Die Europäische Kommission empfiehlt und unterstützt die Krebsimpfung

Die Europäische Kommission empfiehlt und unterstützt die Krebsimpfung

Die Europäische Kommission empfiehlt den Mitgliedstaaten, ihre Anstrengungen zur Krebsprävention durch Impfungen zu verstärken. Die Empfehlung umfasst hauptsächlich Impfungen gegen das humane Papillomavirus (HPV) und das Hepatitis-B-Virus (HBV), es ist jedoch besser, die Impfschutzraten zu überwachen.

Die Empfehlung ist Teil des Europäischen Plans zur Krebsbekämpfung. Schätzungen zufolge sind etwa 40 % der Krebserkrankungen in der EU vermeidbar. Einem neuen, soeben veröffentlichten Bericht zufolge werden im Jahr 2021 jedoch nur etwa 5 % der gesamten Gesundheitsausgaben in den EU-Mitgliedstaaten für die Prävention aufgewendet.

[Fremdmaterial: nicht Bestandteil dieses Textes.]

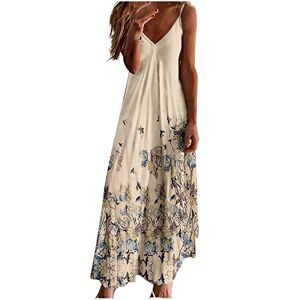 Generic U-88 Mustard Yellow Ladies Sleeveless Slip Dress Floral Graphic Loose Fit Dress for Women V Neck Beach Brunch Vintage Hawaiian Maxi Long Summer Fall Dress 2024 LU XL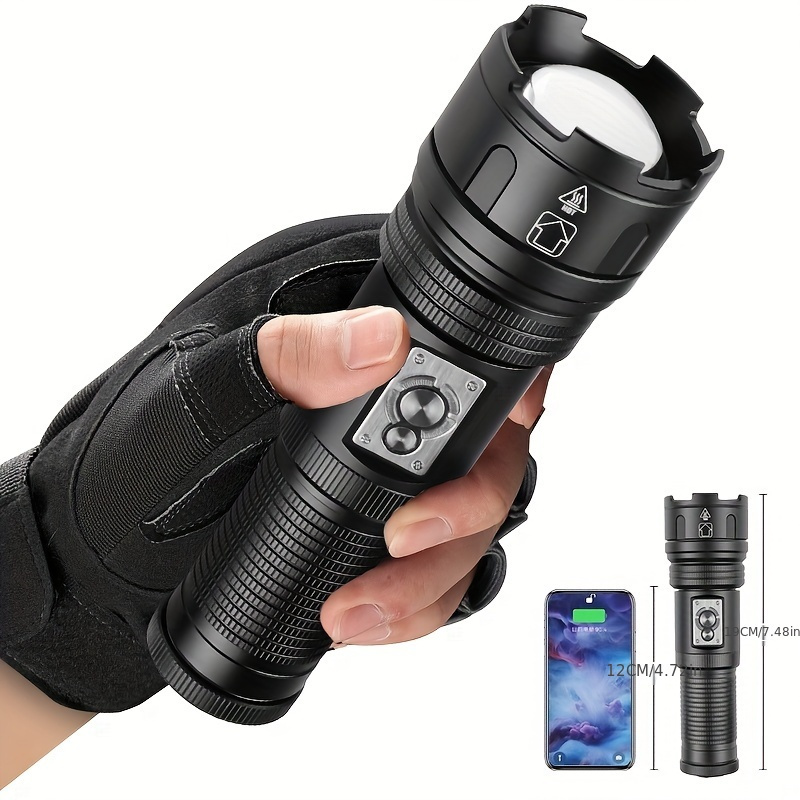 1pc led white laser long range flashlight xhp360 strong light flashlight multi functional camping light details 4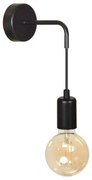 Απλίκα Φωτιστικό Τοίχου 1xE27 Ατσάλι MULTIPO Made in Poland Emibig-696/K1-Μαύρο 696/K1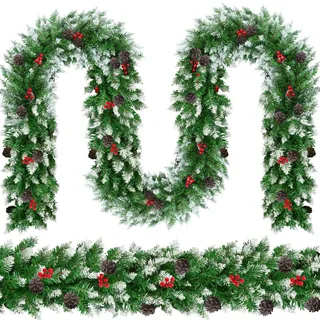 DTYDECLE 270cm/8.86Ft Weihnachtsgirlande mit Schnee, Künstlich Weihnachten Tannengirlande mit Kiefernzapfen und rote Beerenfrucht für Treppen Haustür Girlande Outdoor & innen Weihnachten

Durch Impfung vermeidbare Krebsarten

Um andere durch HPV verursachte Krebsarten wie Gebärmutterhalskrebs und einige Kopf- und Halskrebsarten auszuschließen TumorangiogeneseIm Europäischen Aktionsplan gegen Krebs wurde den Mitgliedstaaten das Ziel gesetzt, die HPV-Impfraten bis 2030 bei Frauen auf 90 % zu erhöhen und die Durchimpfungsrate bei Männern deutlich zu erhöhen. Der Kampf gegen Krebs zielt darauf ab, den Zugang und die Akzeptanz des Impfstoffs gegen HBV zu gewährleisten. Insbesondere zur Vorbeugung von Leberkrebs. Diese Impfstoffe sind für den Schutz der öffentlichen Gesundheit und die Unterstützung widerstandsfähiger Gesundheitssysteme von entscheidender Bedeutung.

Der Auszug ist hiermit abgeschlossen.